La storica del mondo antico osserva, poi, che la seconda parte del testo di Palladio circolava nel V secolo sotto il nome di Arriano. Nel primo paragrafo di questa sezione, Alessandro interviene in prima persona, invocando la σοφία e dicendosi desideroso, dopo aver visto il gimnosofista Calano, di conoscere la filosofia dei Bramani. Al che essi replicano dichiarando quel personaggio come un traditore dei valori tradizionali della propria gente. Successivamente espongono le regole della loro vita ascetica: abitare nelle selve, coprirsi di foglie, dormire sulla nuda terra, osservare la castità e il silenzio, astenersi dalle carni e dai cibi cotti, nutrirsi solo di frutti e di acqua di fiume, innalzare inni a Dio giorno e notte, combattere un’aspra lotta contro i sensi, personificati come tiranni che risiedono in ogni membro del corpo umano. Il testo prosegue raccontando come Dandami riceva un’ambasceria macedone guidata da Onesicrito con l’invito di recarsi da Alessandro e come egli rifiuti l’offerta affermando di non volere doni e di non essere impressionato dalle minacce, poiché la natura già gli fornisce il necessario e non ha ragione di temere la morte. Udita la risposta, Alessandro decide di recarsi di persona presso Dandami e nel lungo colloquio tra i due il saggio ripete molte delle cose già dette, scagliandosi con una nuova invettiva contro la cupidigia dei Greci e invitando Alessandro a lasciare il mondo per trovare la vera felicità in una vita di rinuncia. Il Macedone naturalmente risponde di non potersi sottrarre alle proprie responsabilità, offre a Dandami doni, che questi rifiuta, e poi se ne va. Il Bramano, rimasto solo, pronuncia un ultimo discorso in cui si scaglia contro le raffinatezze del vivere civile, la smania per gli spettacoli crudeli e lascivi, la ricerca del lusso, le perversioni della filosofia.

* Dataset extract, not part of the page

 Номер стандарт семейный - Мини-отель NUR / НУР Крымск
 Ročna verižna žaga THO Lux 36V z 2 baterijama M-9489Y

47 Già a partire dalla semplice lettura della sintesi della versione greca del Commonitorium, ci si rende subito conto di quanto siano numerosi gli elementi in comune tra questo testo e la Collatio, e pertanto di come sia necessario prenderli in considerazione entrambi nel momento in cui si affronterà l’analisi dei contenuti della corrispondenza.